JobSplitting Argorithms - dmwm/WMCore GitHub Wiki

Job splitting is to make the job length for optimal use of resources (~8 hours in default) - There are various parameters are used to calculate approximate job length (most importantly TimePerEvent)

The main parameter used for job splitting is "events_per_job" (in splitting algo). This is set in the Spec(EventsPerJob)/Splitting Algorithm, if this value is not set it will be calculated by "TimePerEvent". If "events_per_job" is specified "TimePerEvent" is ignored for job splitting (only used for estimated JobTime)

events_per_job = int((8.0 * 3600.0) / timePerEvent)

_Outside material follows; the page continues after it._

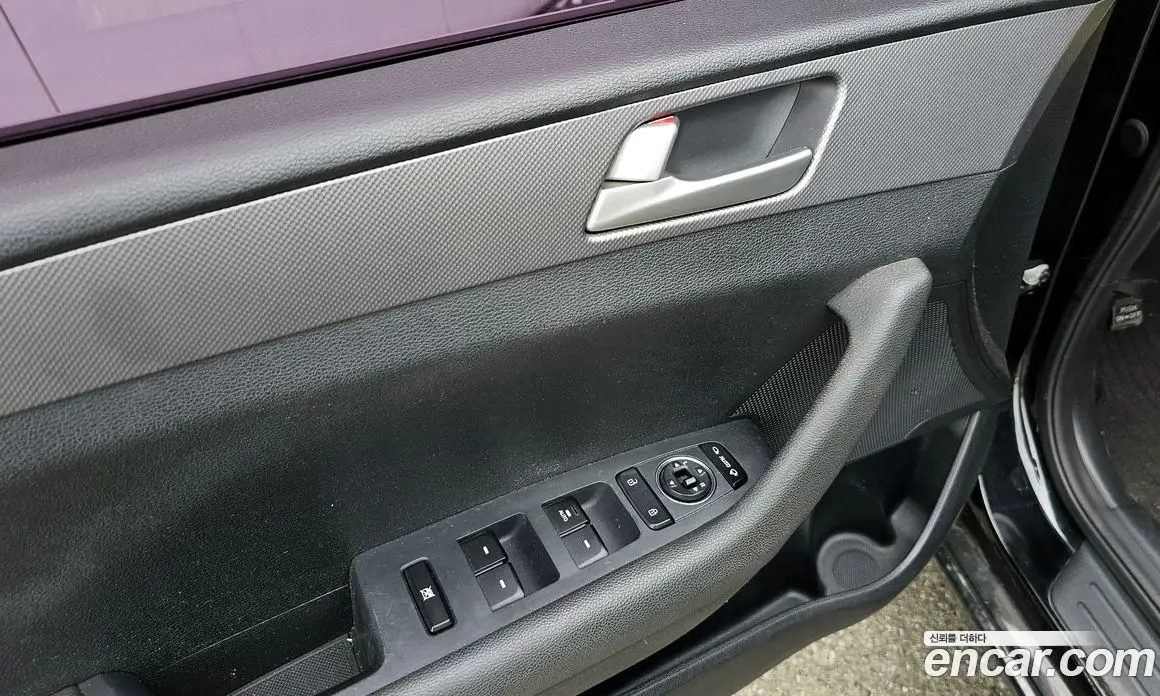 Hyundai Sonata 2015 2.0 автомат (гидро), фото 18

EventAwareLumiBased algorithm (code)

  1. It converts events_per_job to lumis_per_job then create the job by iterating through files in the same location

    • In case a job cannot be created on multiple input files. "halt_job_on_file_boundaries == True"
    For each file f,
    if the file contains events below formula is how lumisPerJob is calculated
    
    f['avgEvtsPerLumi'] = round(float(f['events'])/f['lumiCount'])
    lumisPerJob  = events_per_job / f['avgEvtsPerLumi']
    
    if the file has 0 event,
    lumisPerJob = f['lumiCount']
    
    • In case the job can be created over multiple input files,
    Add more than one file until event in the job reaches to events_per_job. (also converting events_per_job to lumisPerJob
    [(code)](https://github.com/dmwm/WMCore/blob/1.1.3.pre2/src/python/WMCore/JobSplitting/EventAwareLumiBased.py#L182)
    

    When lumisInJob reaches lumisPerJob, create one job. (code)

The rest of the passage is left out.